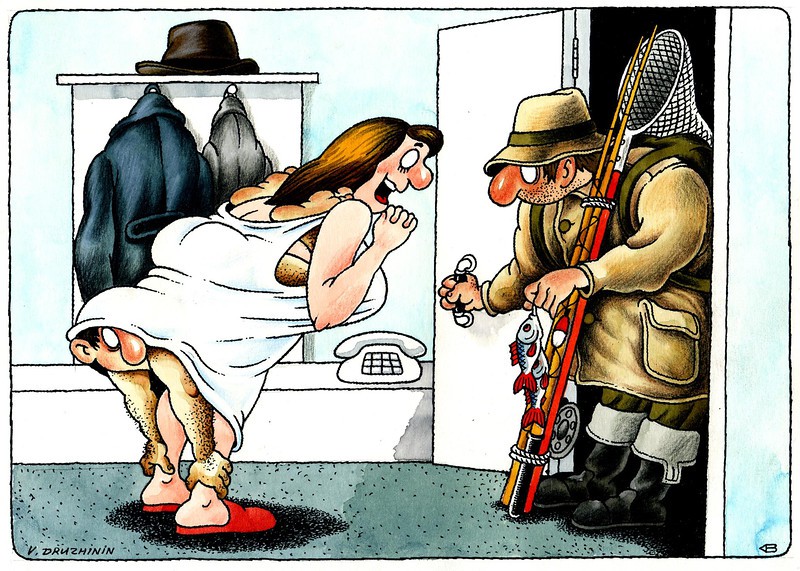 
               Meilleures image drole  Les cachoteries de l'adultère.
------------------------------------------------
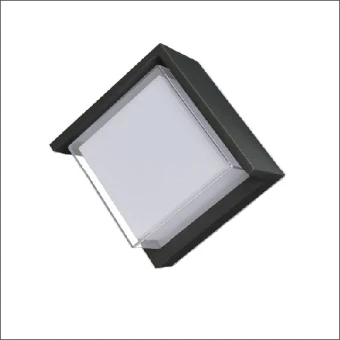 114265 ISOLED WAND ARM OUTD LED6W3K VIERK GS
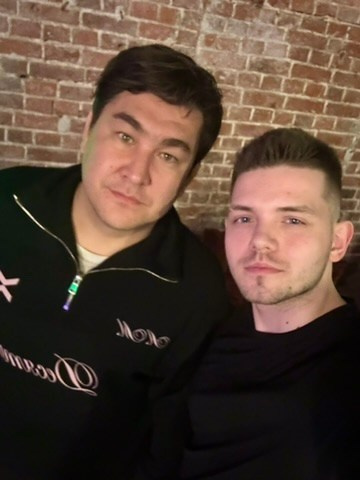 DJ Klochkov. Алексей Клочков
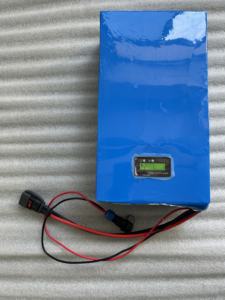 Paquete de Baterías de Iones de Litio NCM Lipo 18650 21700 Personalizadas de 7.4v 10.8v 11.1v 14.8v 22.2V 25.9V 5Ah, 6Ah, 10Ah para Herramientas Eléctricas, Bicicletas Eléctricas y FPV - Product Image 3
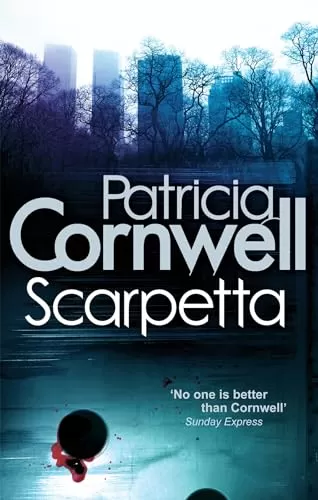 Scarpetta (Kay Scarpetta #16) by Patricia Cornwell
------------------------------------------------
DIRECTIONS
Return exactly the lines above, from the one with "Paquete de Baterías" up to and including the one with "Scarpetta (Kay Scarpetta", and include no pictures.

OUTPUT FOR THIS TASK
 Paquete de Baterías de Iones de Litio NCM Lipo 18650 21700 Personalizadas de 7.4v 10.8v 11.1v 14.8v 22.2V 25.9V 5Ah, 6Ah, 10Ah para Herramientas Eléctricas, Bicicletas Eléctricas y FPV - Product Image 3
 Scarpetta (Kay Scarpetta #16) by Patricia Cornwell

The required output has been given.